++++ Supplied data ++++

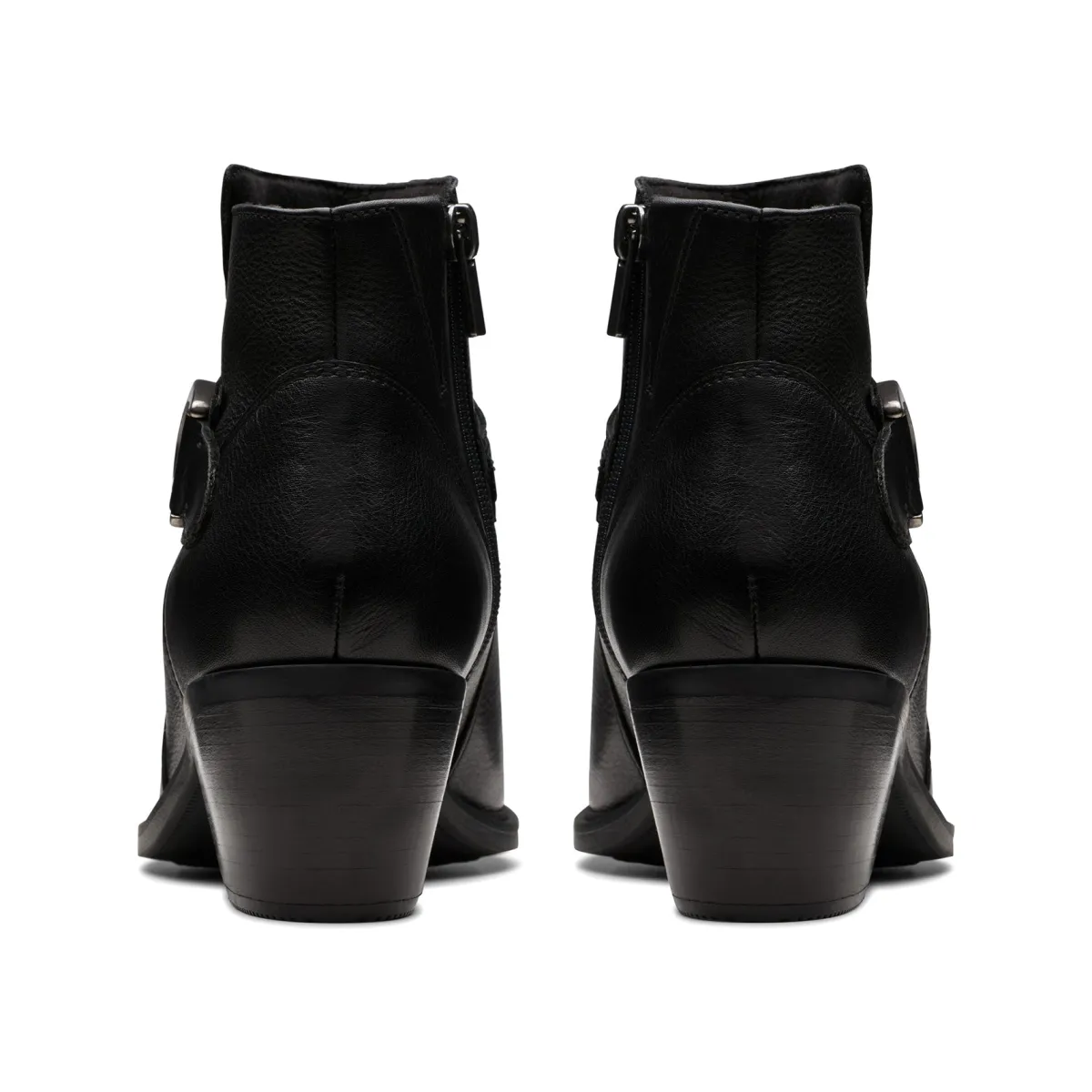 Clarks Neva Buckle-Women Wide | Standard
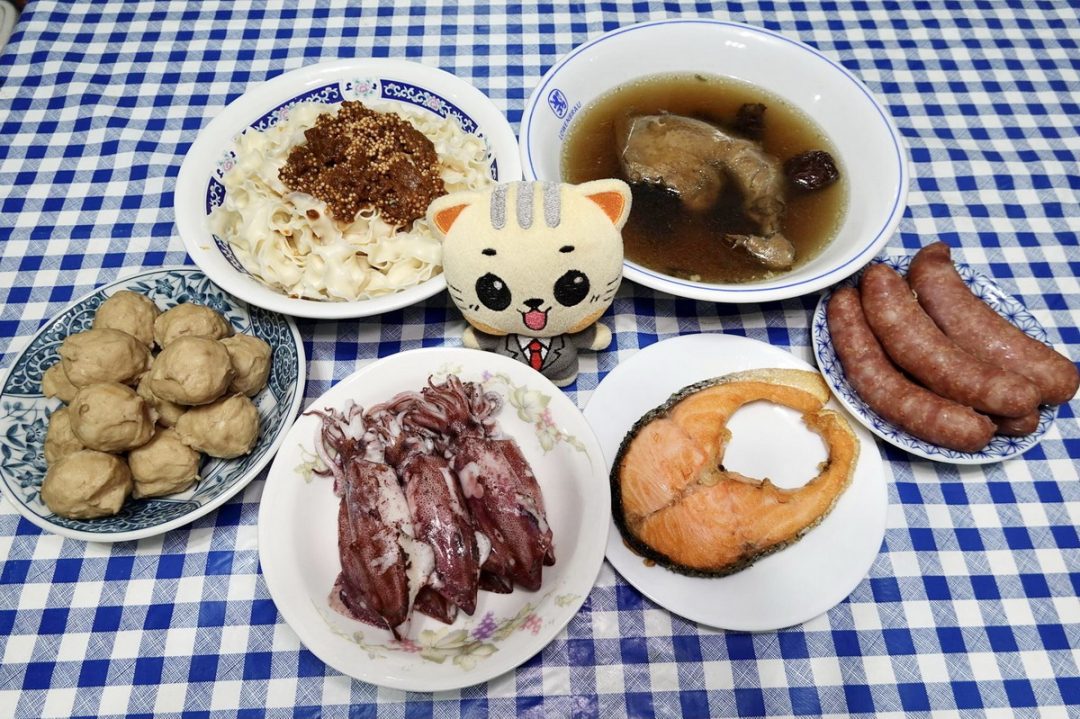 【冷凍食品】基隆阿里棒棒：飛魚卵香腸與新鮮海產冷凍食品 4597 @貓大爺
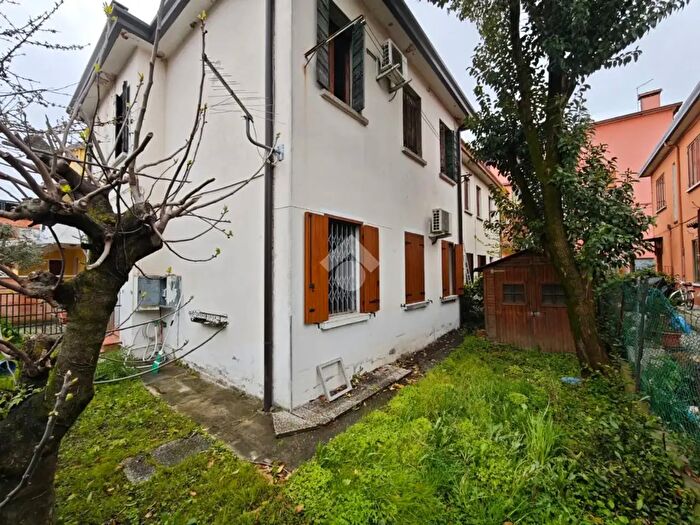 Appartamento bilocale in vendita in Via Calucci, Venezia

++++

# Required work
Return the data exactly. Do not carry over any images.

# Response
 Clarks Neva Buckle-Women Wide | Standard
 【冷凍食品】基隆阿里棒棒：飛魚卵香腸與新鮮海產冷凍食品 4597 @貓大爺
 Appartamento bilocale in vendita in Via Calucci, Venezia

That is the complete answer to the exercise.